Для американцев, что росли в мире, где Америка была державой номер один (то есть для каждого гражданина США с 1870 года), сама мысль о том, что Китай способен заместить США в роли крупнейшей экономики мира, кажется немыслимой. Многие американцы считают экономическое превосходство неотъемлемым правом своей страны и даже, если хотите, частью национальной идентичности.
Неоспоримое пребывание Америки на вершине мира позволяет объяснить тот переполох, который случился на совместном заседании Международного валютного фонда и Всемирного банка в Вашингтоне в 2014 году, когда МВФ представил свой ежегодный доклад о глобальной экономике.
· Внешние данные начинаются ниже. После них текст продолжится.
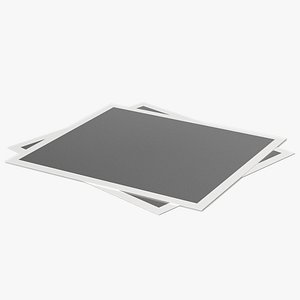 Photo Paper Frames model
Газетные заголовки кричали: «Америка стала № 2!» Процитирую обзор «Маркет уотч»: «Не существует способа сказать это аккуратно, поэтому скажем без обиняков: мы больше не являемся номером один»[29]. Газета «Файненшл таймс» подытожила доклад МВФ чуть более содержательно: «Теперь все официально. В 2014 году размер американской экономики, по оценкам МВФ, составил 17,4 триллиона долларов, а размер китайской экономики – 17,6 триллиона долларов». Далее газета отмечала, что «еще в 2005 году экономика Китая была меньше половины американской. К 2019 году МВФ ожидает, что она окажется на 20 процентов больше»[30].
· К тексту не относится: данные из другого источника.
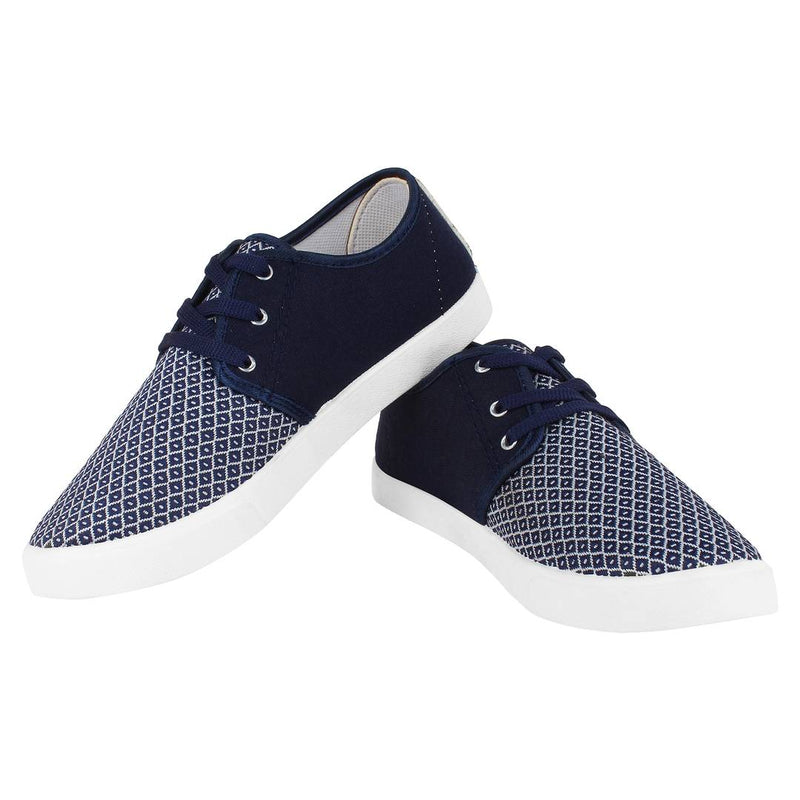 Men Canvas Casual Sneakers Shoes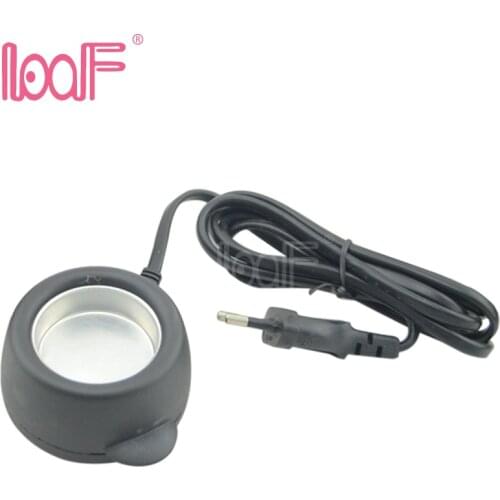 LOOF 1pc 30W Hotmelt Keratin Glue Pot Constant Temperature Glue Stove Tools For Fusion Keratin Hair Extensions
МВФ оценивал ВВП Китая по критерию покупательной способности (ППС), то есть по стандарту, принятому в настоящее время основными международными институтами, профессиональные обязанности которых требуют сопоставления национальных экономик. По мнению ЦРУ, ППС «обеспечивает наилучшую доступную отправную точку для сравнения экономического могущества и благосостояния стран». МВФ объясняет, что «рыночные ставки более волатильны, а их использование может привести к заметным колебаниям совокупных показателей роста, даже если темпы развития отдельных стран остаются стабильными. ППС обычно рассматривается как лучший способ оценки общего благосостояния»[31]. Если отталкиваться от покупательной способности, Китай не только превзошел США, но обеспечивает ныне приблизительно 18 процентов мирового ВВП, тогда как в 1980 году обеспечивал всего 2 процента этого ВВП[32].
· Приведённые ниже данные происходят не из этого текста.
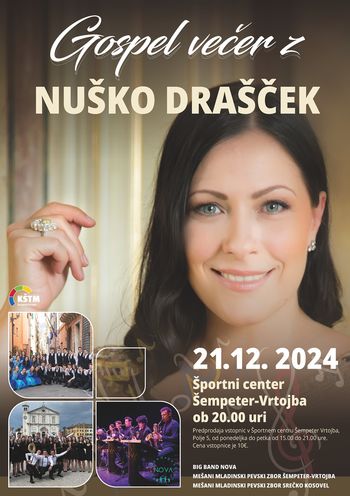 Gospel večer z Nuško Drašček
Тех, для кого американское превосходство есть жизненное кредо, заявление МВФ побудило к энергичным поискам метрик, по которым США по-прежнему остаются номером один. К числу таких показателей относится ВВП на душу населения, новый параметр, позволяющий точнее учитывать качество жизни и уровень благосостояния, а также шаг вперед по сравнению с предыдущим стандартом, где ВВП оценивался по рыночным курсам[33]. Поскольку ряд уважаемых коллег со мною не согласен, я обратился к ведущему специалисту и банковскому работнику, бывшему профессору Массачусетского технологического института Стэнли Фишеру и спросил, как именно следует оценивать американскую экономику и сопоставлять ее с китайской. Фишер написал учебник по макроэкономике, был наставником Бена Бернанке (бывшего главы Федеральной резервной системы) и Марио Драги (главы Европейского центрального банка), работал председателем правления Центрального банка Израиля, а в настоящее время является заместителем председателя ФРС США. То есть он знает, о чем говорит. По его мнению, ППС действительно может считаться лучшим критерием оценки – и не просто инструментом оценки относительной экономической мощи. «Сравнивая размеры национальных экономик, – говорит Фишер, – особенно если нам нужно определить сравнительный военный потенциал в первом приближении, мы не найдем ничего лучше ППС. Так мы выясняем, сколько самолетов, ракет, кораблей, моряков, пилотов, беспилотных летательных аппаратов, баз и прочего военного снаряжения государство в состоянии купить и какую цену ему придется заплатить в своей национальной валюте»[34]. Выпускаемый Международным институтом стратегических исследований авторитетный ежегодник «Военный баланс» соглашается с этими словами, отмечая, что «аргументы в пользу применения ППС значимы для Китая и России»[35].